**What is expected**
Print the listing below exactly, minus its pictures.

**Supplied material**
□ □ □ □ □ □ □

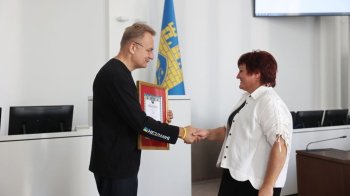 У Львові найкращі вчителі отримали по 35 тисяч гривень премії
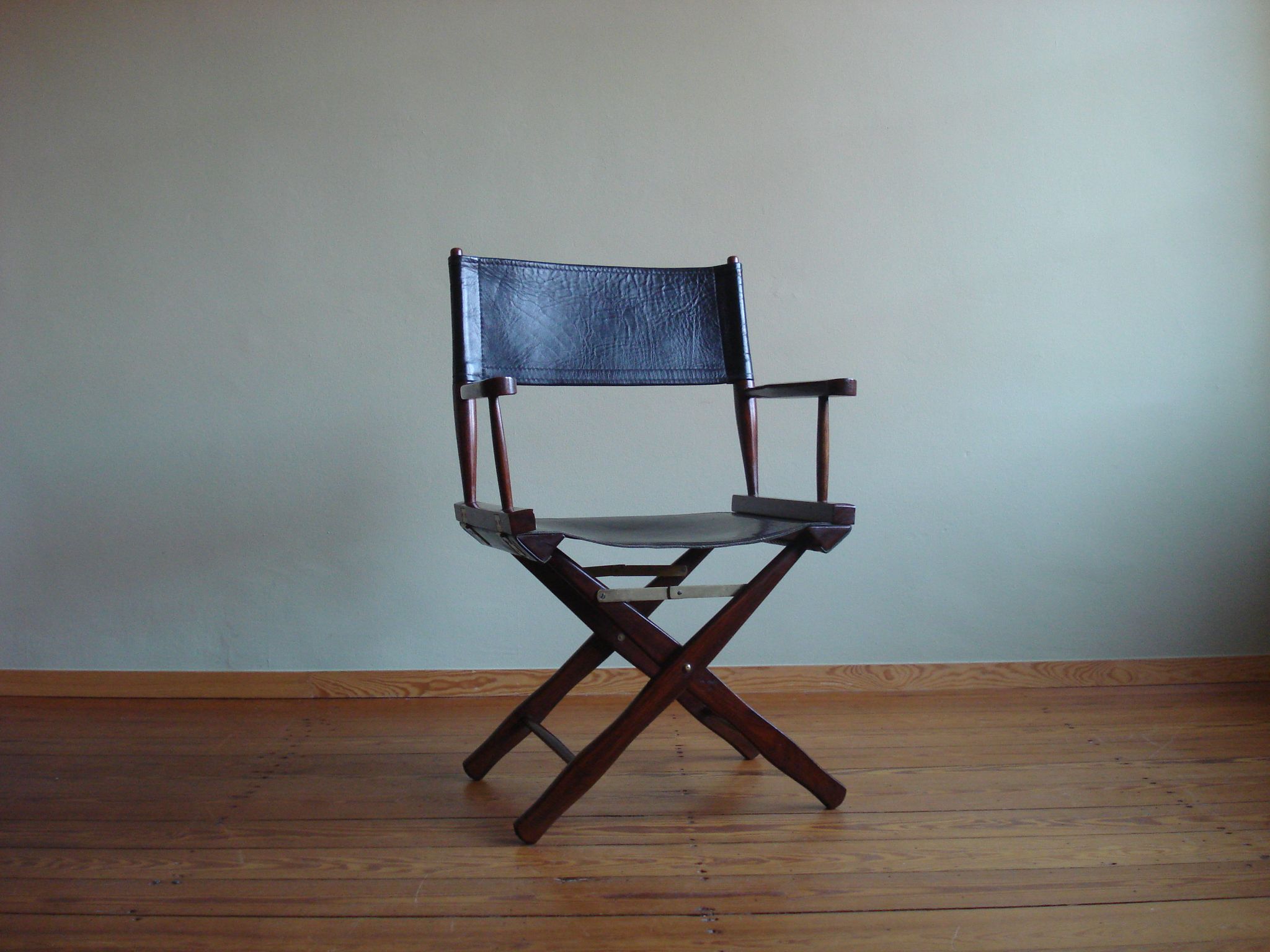 Fauteuil en palissandre par M. Hayat & Bros., Pakistan, années 1970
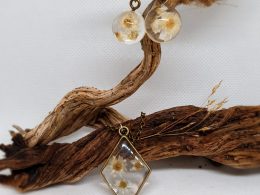 Vintage White Flowers Jewelry Set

□ □ □ □ □ □ □

**Result for this task**
 У Львові найкращі вчителі отримали по 35 тисяч гривень премії
 Fauteuil en palissandre par M. Hayat & Bros., Pakistan, années 1970
 Vintage White Flowers Jewelry Set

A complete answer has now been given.